I am baffled by the RM5 million allocation given under the 10th Malaysia Plan to further promote Kellie’s Castle near Batu Gajah. What is Kellie’s Castle? In my view, it is just an unfinished project of a Scottish planter William Kellie Smith’s dream to live like a “White Maharajah”. And what has the building, which was to replicate the British palaces in India to do with our culture and heritage? It does not even have any national historical significance to justify a large allocation. If ever such a failed private project is to be preserved and promoted, it should be funded by Kellie’s own relatives or a private foundation, not by our taxpayers. After all, what could we hope to achieve by promoting it? It would merely keep the memory of a foreigner and his folly alive for generations.
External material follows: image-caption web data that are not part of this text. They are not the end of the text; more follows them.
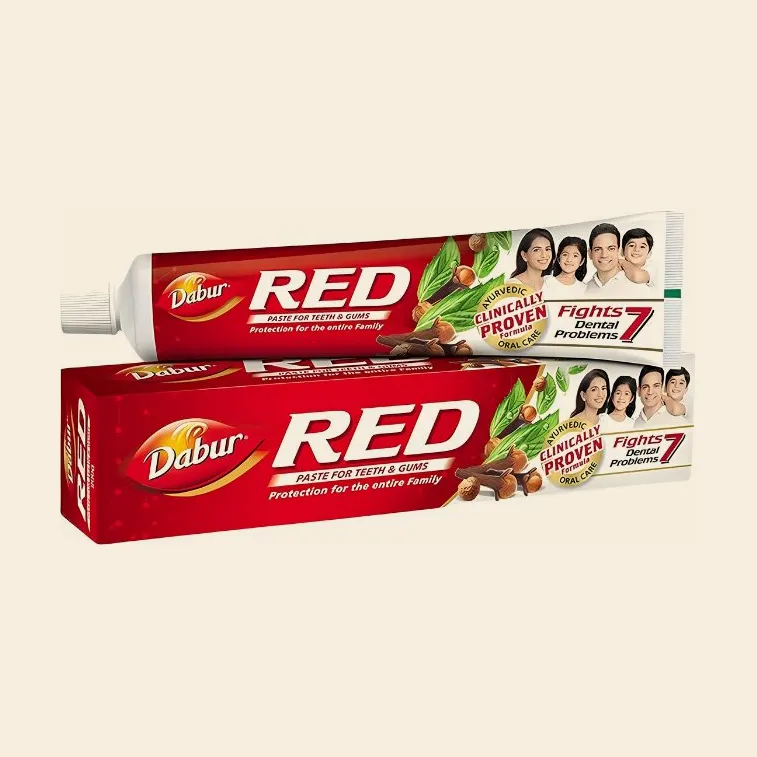 Dabur Red Toothpaste
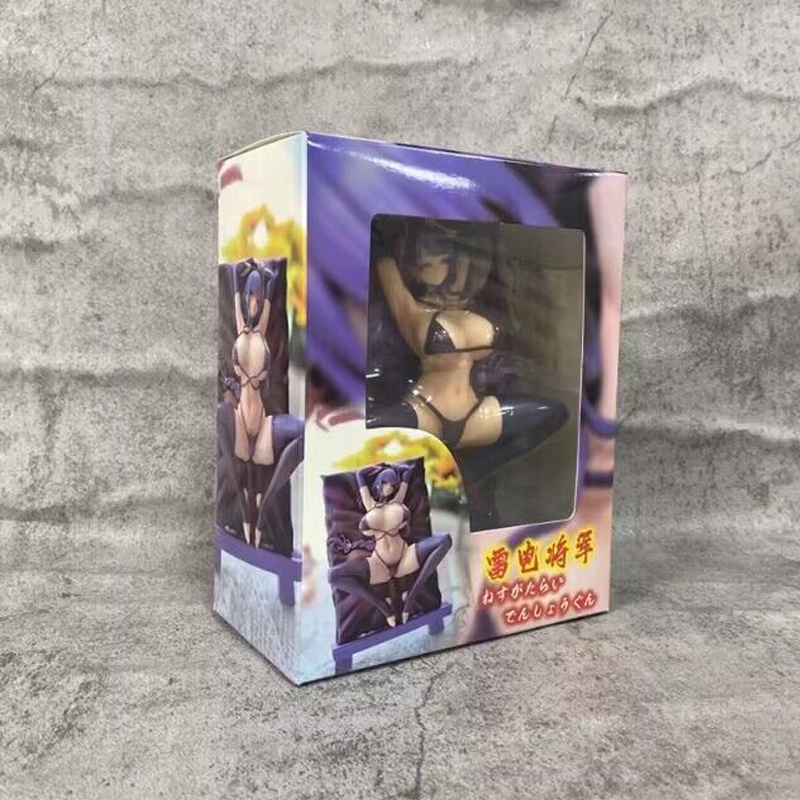 Genshin Tượng Mô Hình Nhân Vật beelzebul Trong game Làm Quà Tặng Trang Trí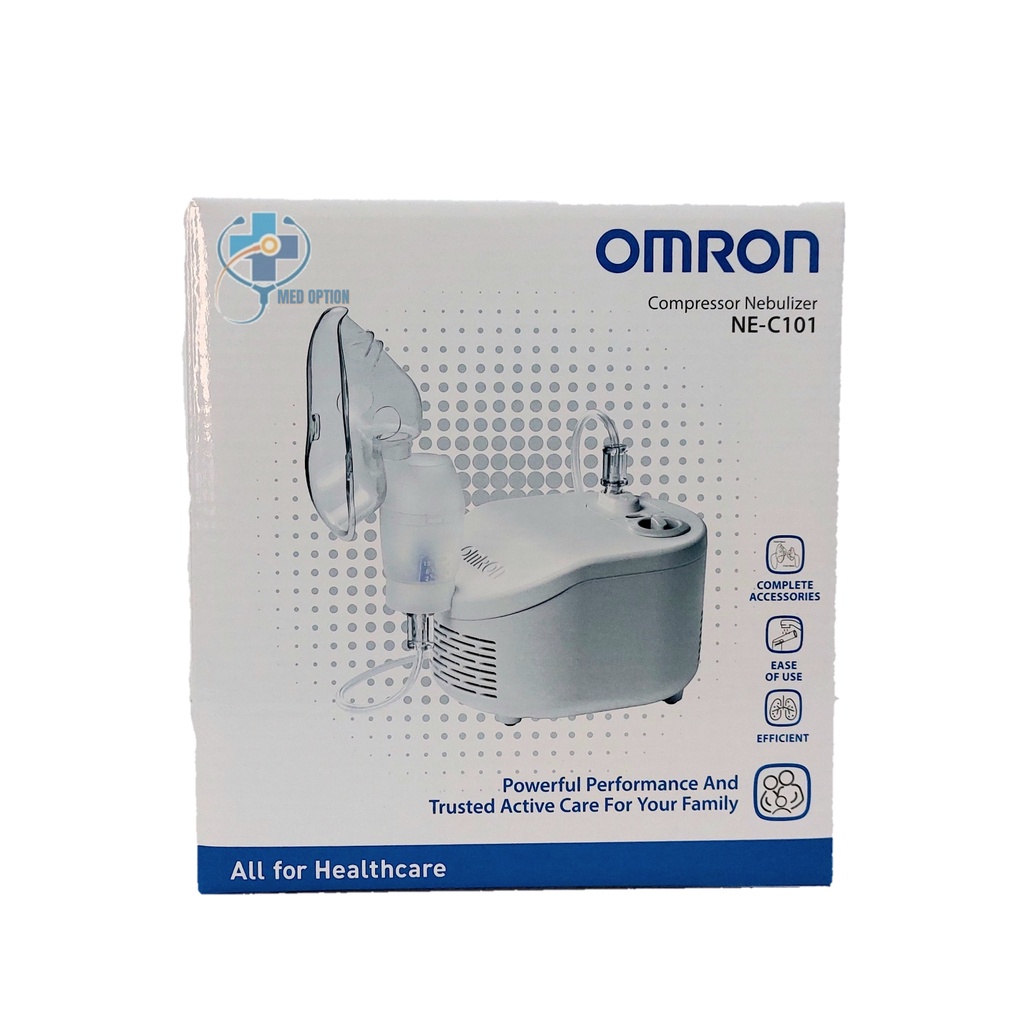 Nebulizer, OMRON NE-C101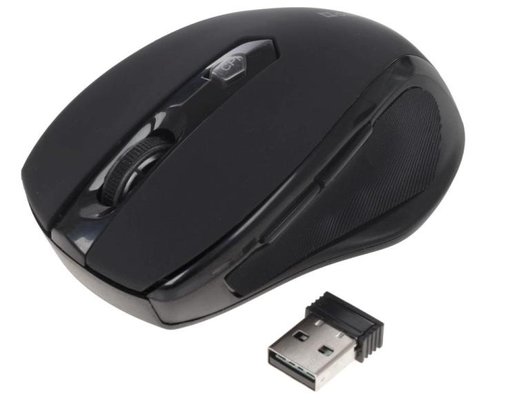 Мышь беспроводная Defender Ultra MM-315 черный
Is Perak so short of tourist attractions that it needs to allocate funds periodically to certain projects? If it is for tourism development, the substantial amount of funds spent on Kellie’s Castle in the past would have been sufficient if it had been properly maintained. This recent allocation for further renovation works, including adding on decorative designs to the interior and furniture resembling those in British castles, only shows that the state and federal governments have got their priorities wrong. An abandoned building should be retained in its original state. Otherwise why not complete the building to its intended grandeur.
In comparison to Kellie’s Castle, the Rumah Besar Rajah Bilah located in the century-old pioneer mining town of Papan deserves more attention. It has all the cultural and historical significance, yet no funds are available to spruce it up. There are also other valuable sites in the state that need attention and with the availability of funds, they too can become tourist attractions.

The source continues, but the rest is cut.